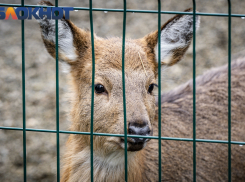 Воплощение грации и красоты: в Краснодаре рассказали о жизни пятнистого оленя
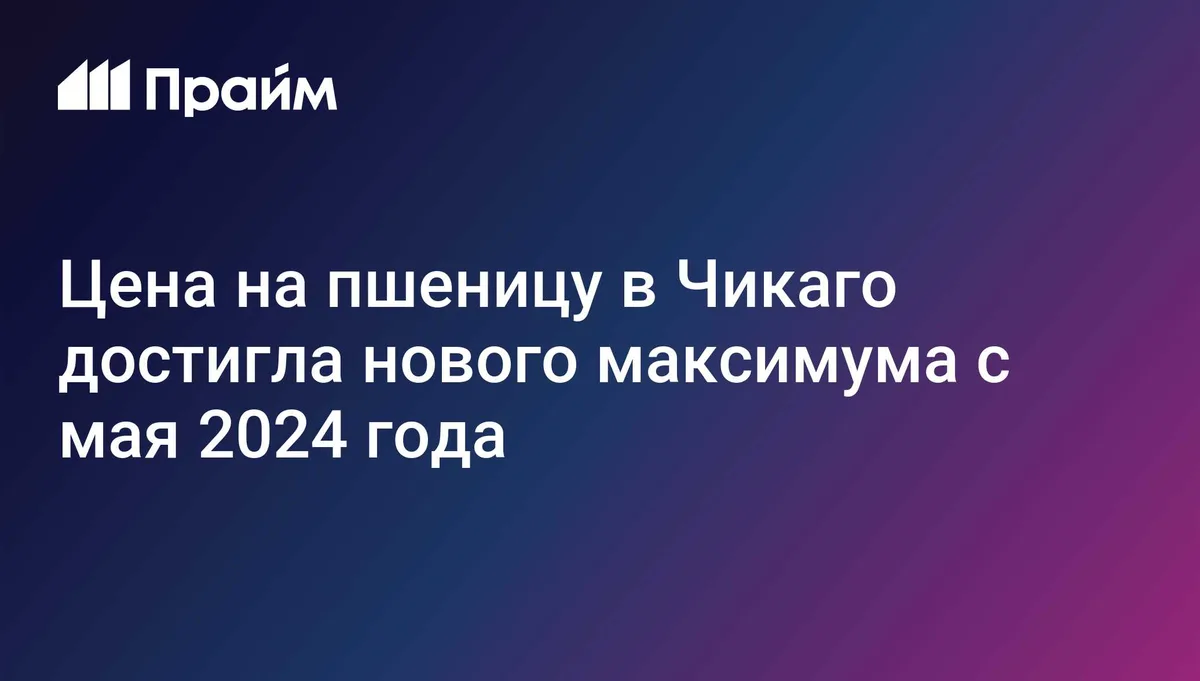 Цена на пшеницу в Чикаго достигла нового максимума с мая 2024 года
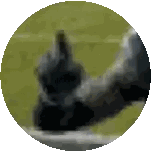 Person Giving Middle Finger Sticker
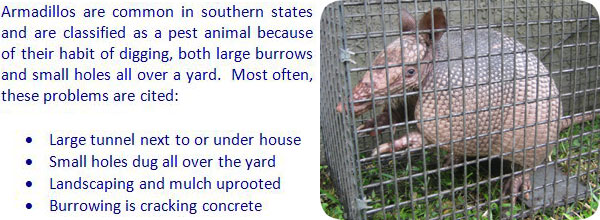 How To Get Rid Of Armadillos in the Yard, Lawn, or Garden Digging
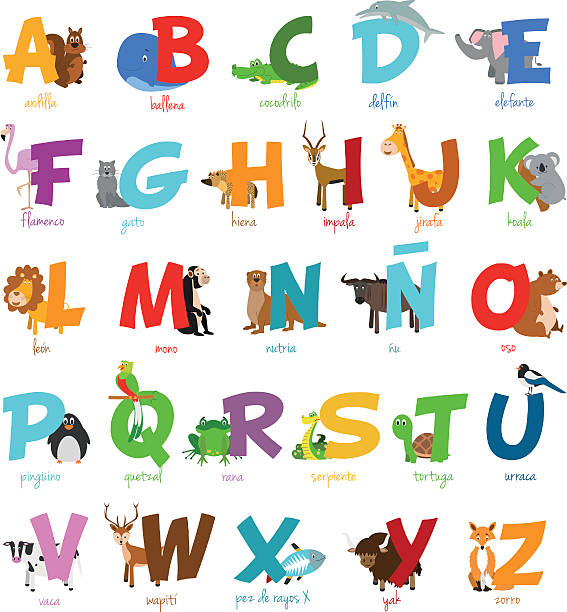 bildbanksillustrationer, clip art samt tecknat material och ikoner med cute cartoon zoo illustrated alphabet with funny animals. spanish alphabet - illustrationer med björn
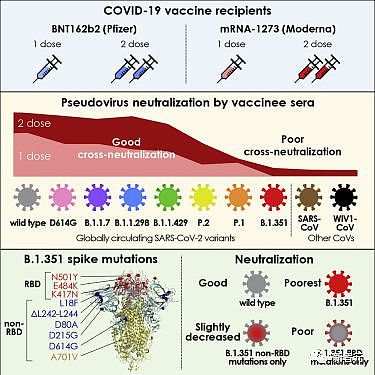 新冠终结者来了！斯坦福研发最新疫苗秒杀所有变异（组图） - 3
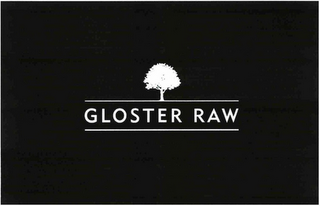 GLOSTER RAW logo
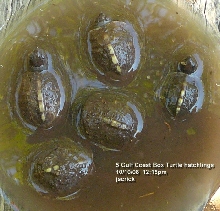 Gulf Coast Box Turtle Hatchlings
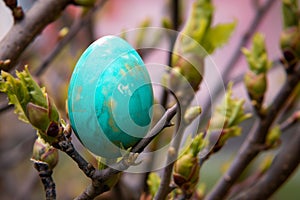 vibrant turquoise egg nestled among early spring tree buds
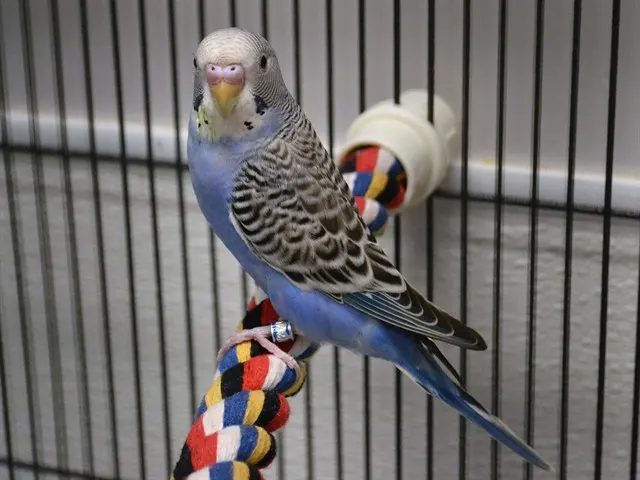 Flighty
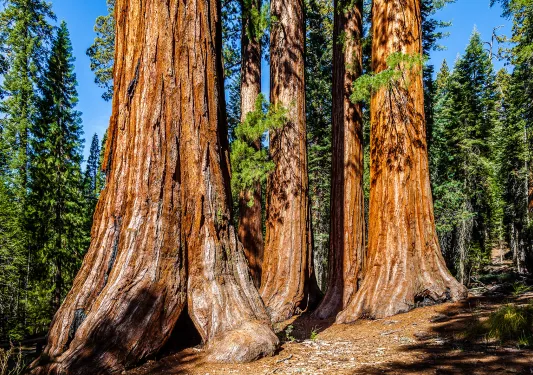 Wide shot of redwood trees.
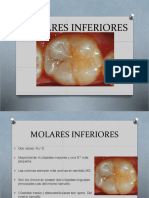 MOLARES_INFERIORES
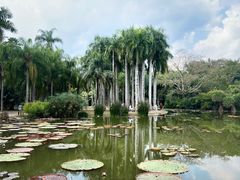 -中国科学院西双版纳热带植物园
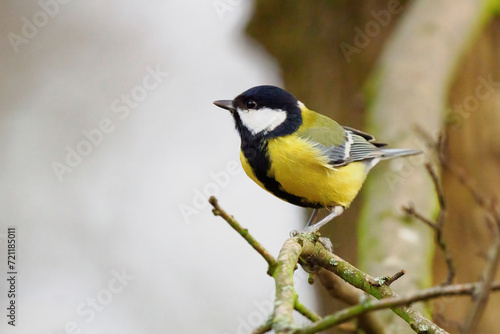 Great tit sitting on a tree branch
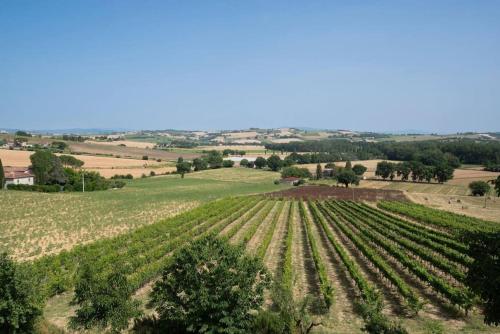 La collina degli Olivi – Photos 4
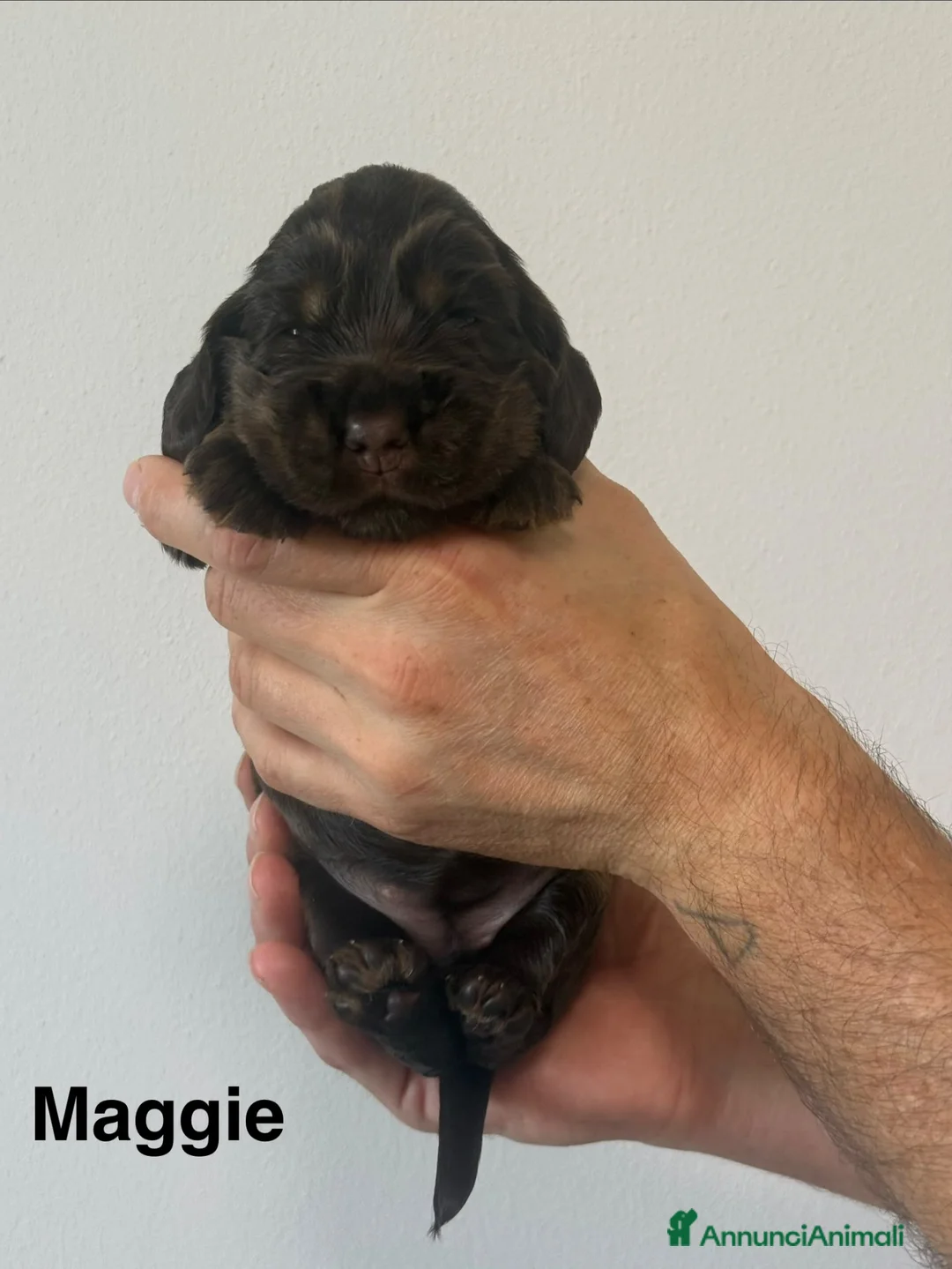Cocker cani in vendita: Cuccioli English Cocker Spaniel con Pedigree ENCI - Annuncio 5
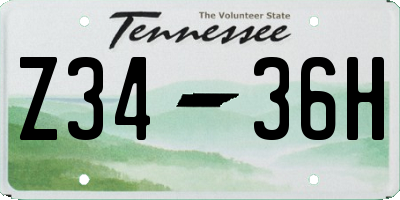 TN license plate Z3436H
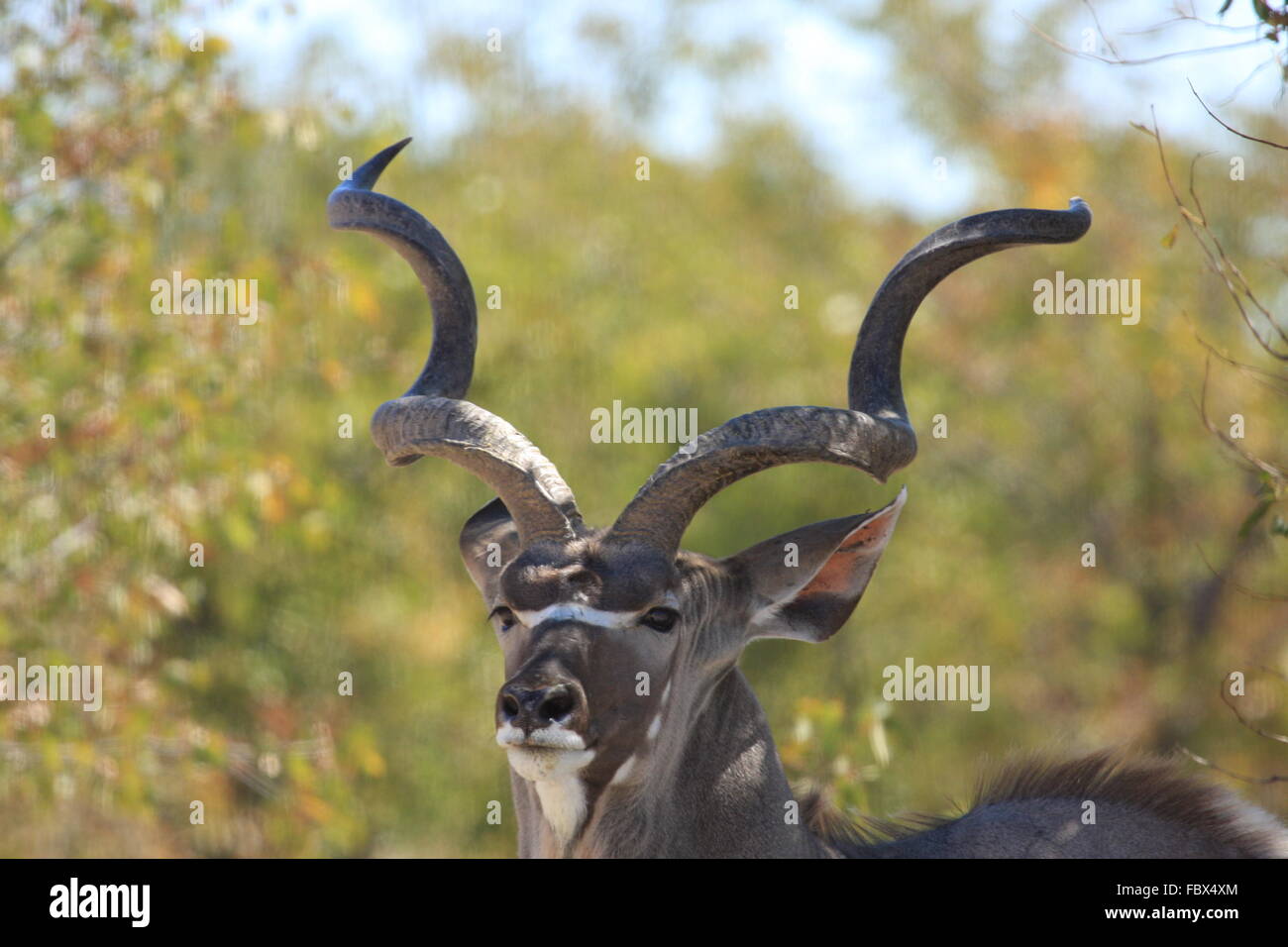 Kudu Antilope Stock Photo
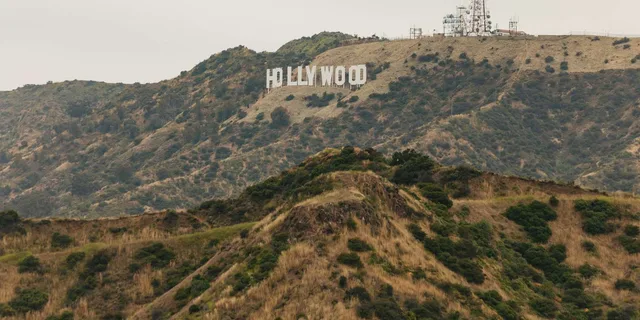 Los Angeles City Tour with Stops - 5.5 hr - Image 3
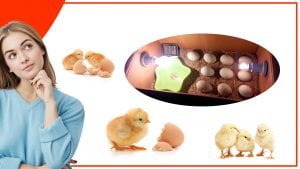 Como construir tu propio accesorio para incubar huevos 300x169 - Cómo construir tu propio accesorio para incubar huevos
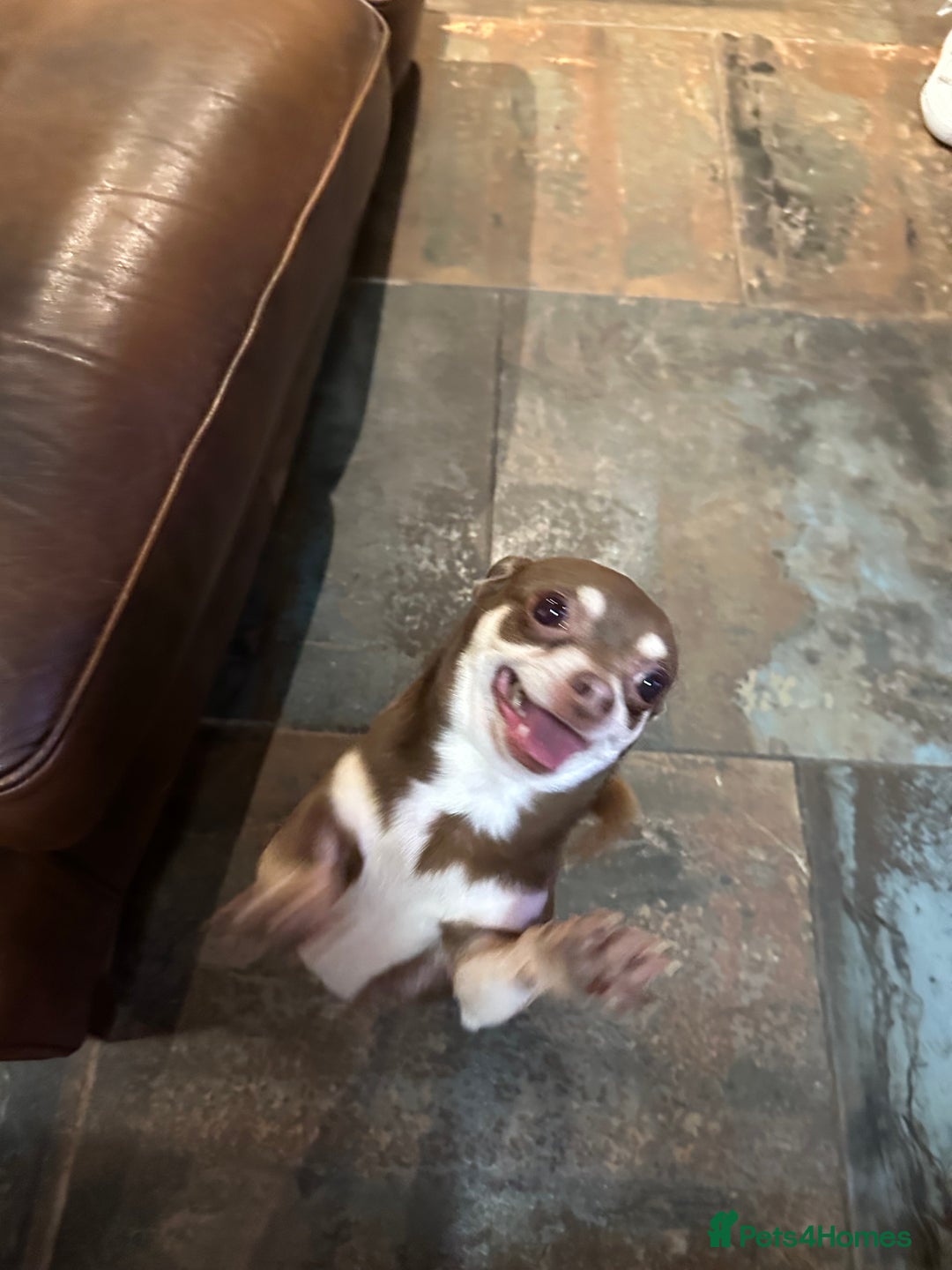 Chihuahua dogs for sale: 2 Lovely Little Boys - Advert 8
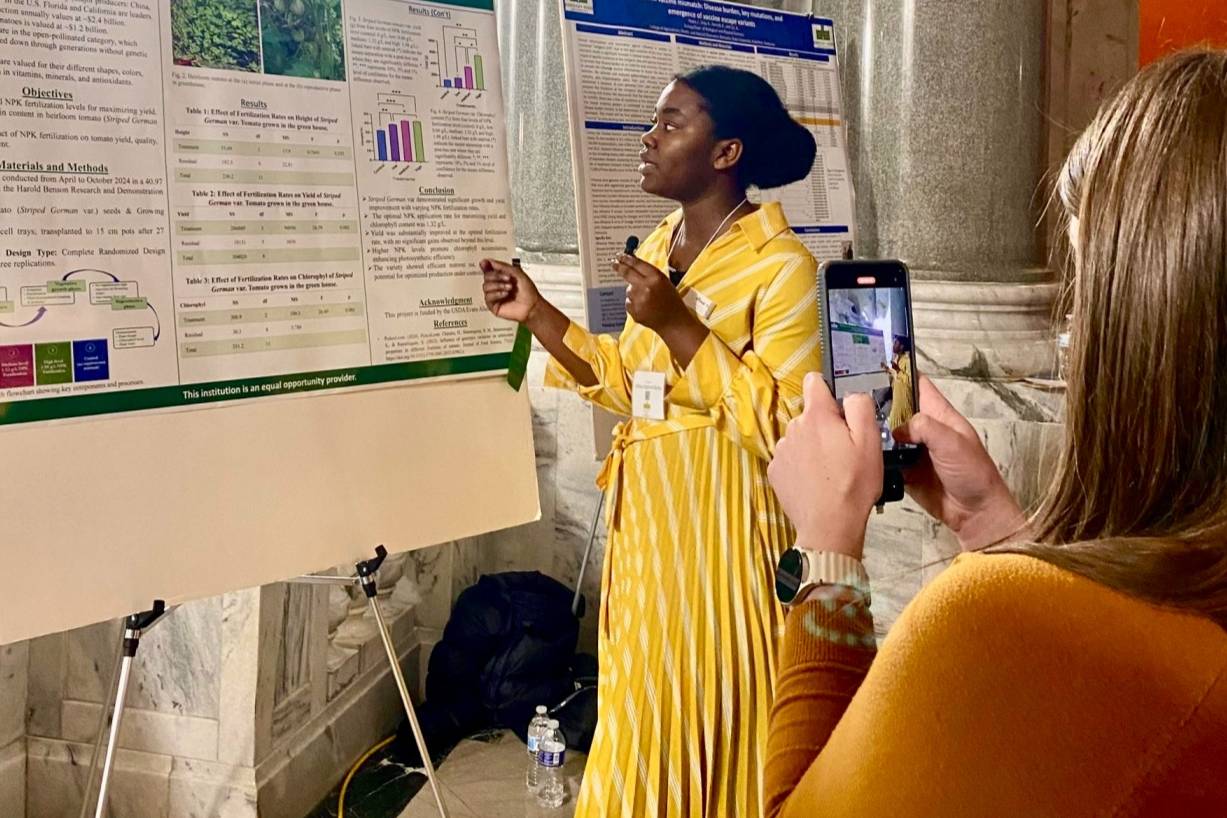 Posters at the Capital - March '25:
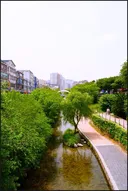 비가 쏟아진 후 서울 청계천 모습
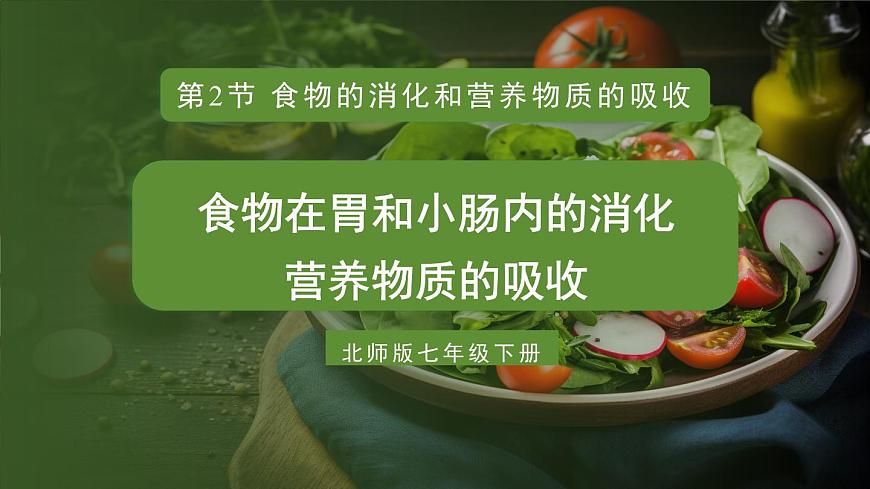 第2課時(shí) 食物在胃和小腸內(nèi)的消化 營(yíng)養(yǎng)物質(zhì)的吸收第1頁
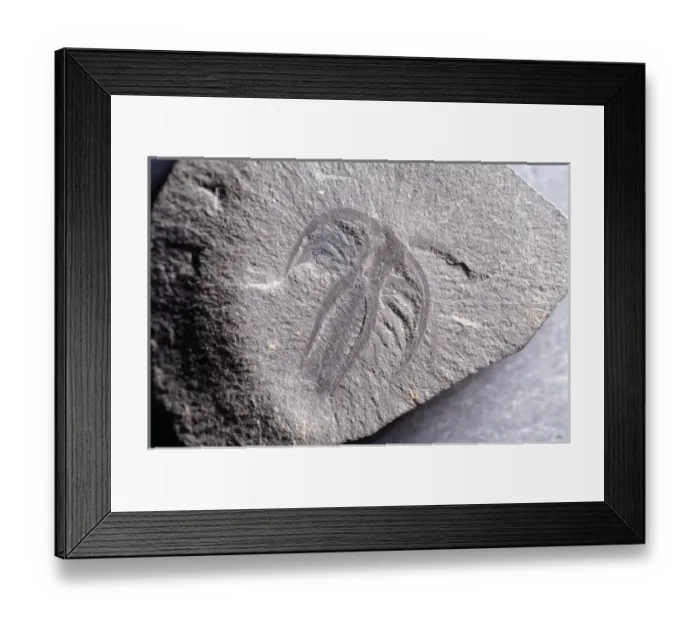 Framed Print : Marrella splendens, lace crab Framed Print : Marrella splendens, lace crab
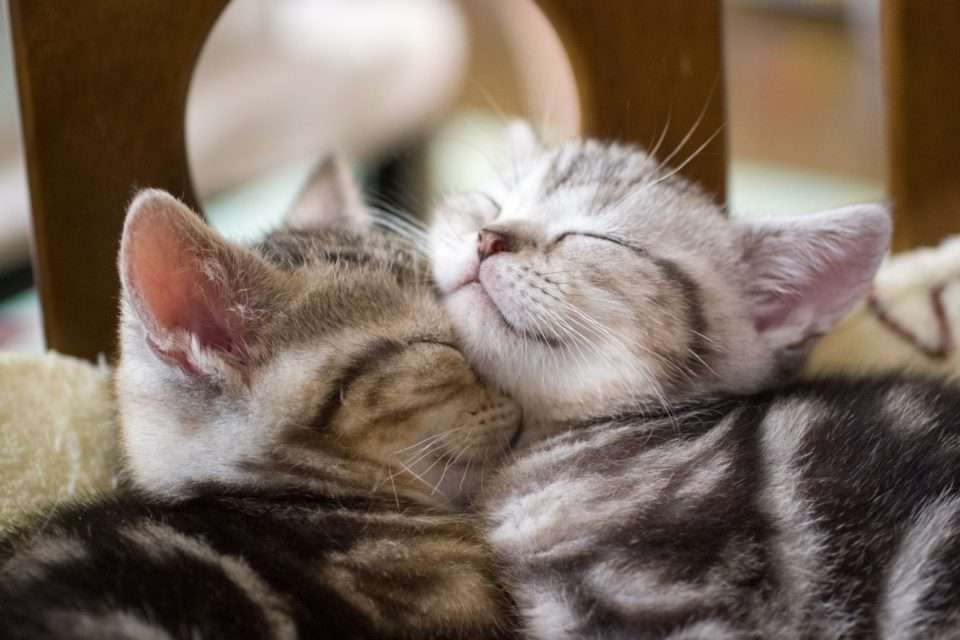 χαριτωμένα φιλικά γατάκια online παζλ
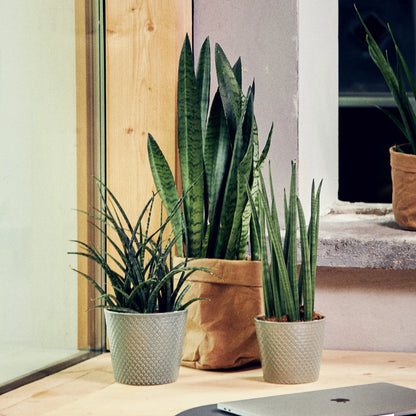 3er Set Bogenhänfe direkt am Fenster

■ ■ ■ ■ ■ ■ ■

- [Directions for this task]
Look above for the line with "MOLARES_INFERIORES", then give again exactly every line from there through the line with "第2課時(shí) 食物在胃和小腸內(nèi)的消化 營(yíng)養(yǎng)物質(zhì)的吸收第1頁", skipping the pictures.

- [Task output]
 MOLARES_INFERIORES
 -中国科学院西双版纳热带植物园
 Great tit sitting on a tree branch
 La collina degli Olivi – Photos 4
Cocker cani in vendita: Cuccioli English Cocker Spaniel con Pedigree ENCI - Annuncio 5
 TN license plate Z3436H
 Kudu Antilope Stock Photo
 Los Angeles City Tour with Stops - 5.5 hr - Image 3
 Como construir tu propio accesorio para incubar huevos 300x169 - Cómo construir tu propio accesorio para incubar huevos
 Chihuahua dogs for sale: 2 Lovely Little Boys - Advert 8
 Posters at the Capital - March '25:
 비가 쏟아진 후 서울 청계천 모습
 第2課時(shí) 食物在胃和小腸內(nèi)的消化 營(yíng)養(yǎng)物質(zhì)的吸收第1頁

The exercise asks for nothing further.